NewsLocal NewsA Better Land

Actions

Local experts: New Northeast Ohio regional plan needed to stop missed development opportunities

Posted at 9:24 PM, May 21, 2019
and last updated 2019-05-21 21:24:24-04

CLEVELAND — Local experts believe a new Northeast Ohio regional plan and more state funding are needed to help jump start new development, new jobs and prevent missed opportunities in the greater Cleveland area.

Chris Stocking, with Clevelanders for Public Transit, told News 5 improving RTA locally is a key component in attracting large companies and tech jobs to the region.

"I think public transit in Northeast Ohio is a missed opportunity," Stocking said.

"If you look at cities and regions that are growing, it's places where people don't need a car, where they have a good transit system that connects them to jobs, to healthcare, to education."

"I think it's a missed opportunity that a lot of these small communities are competing against each other, without a larger vision for Northeast Ohio."

Amy Hanauer, Executive Director with Ohio Policy Matters, said more state funding is needed to improve tech education in grades K-12, and a better effort to capitalize and develop Northeast Ohio's lakefront.

"We've got to get the revenue into the state budget that it's going to take, and then we've got to invest in our people and in our communities, and I think transit and education are two of the big ones," Hanauer said.

"Our lakefront, when I think about how beautiful that could be, how well used it could be, instead of a lakefront airport that a few millionaires and billionaires use."

State Rep.

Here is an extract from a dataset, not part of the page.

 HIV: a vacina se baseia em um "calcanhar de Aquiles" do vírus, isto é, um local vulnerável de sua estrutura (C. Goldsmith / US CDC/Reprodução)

Terrence Upchurch (D-Cleveland) agrees more funding is needed to support public transit in Ohio, despite the passage of a new budget that includes $70M additional transit dollars in 2019.

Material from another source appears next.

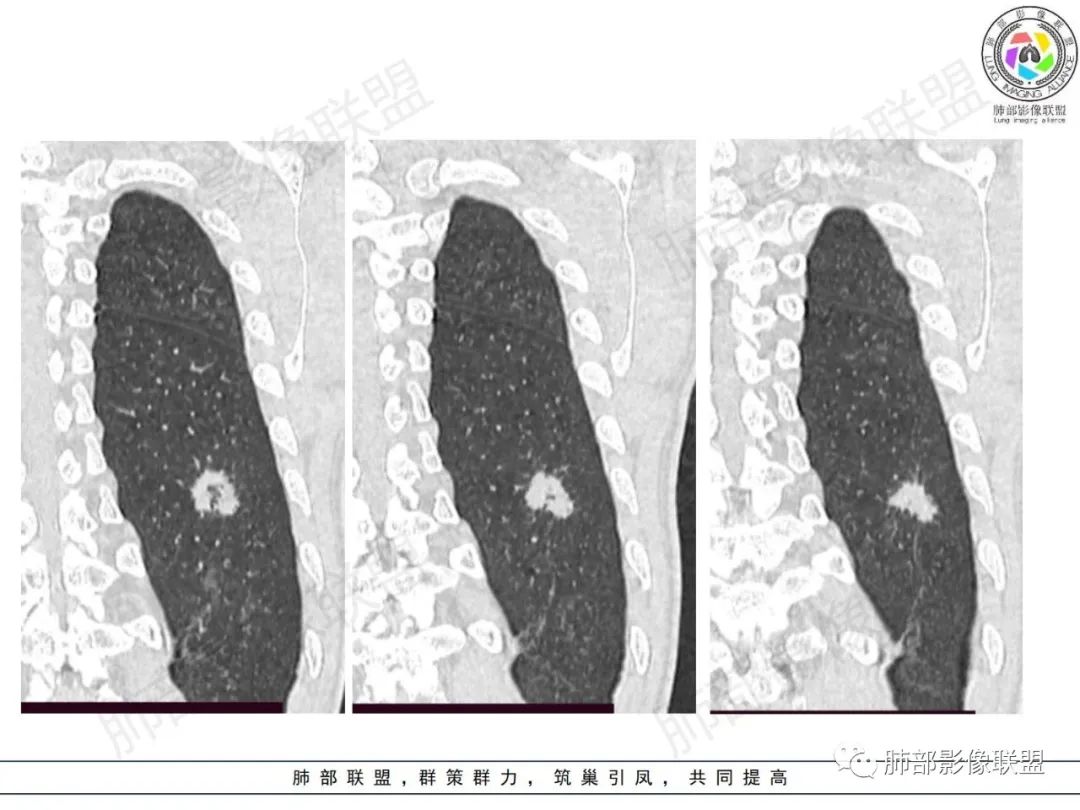 影像PPT - 【病例】HIV背景下的肺结节-20 影像PPT - 【病例】HIV背景下的肺结节-20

Upchurch agrees public transit could use an additional $50M and would be a critical component in attracting new jobs and stopping the continuing drop in Northeast Ohio population.

"It's more than just a transportation issue, it's a jobs issue, workforce development, healthcare issue," Upchurch said.

"We may have actually lost out on the opportunity to get an Amazon fulfillment center, but we will make funding improvements."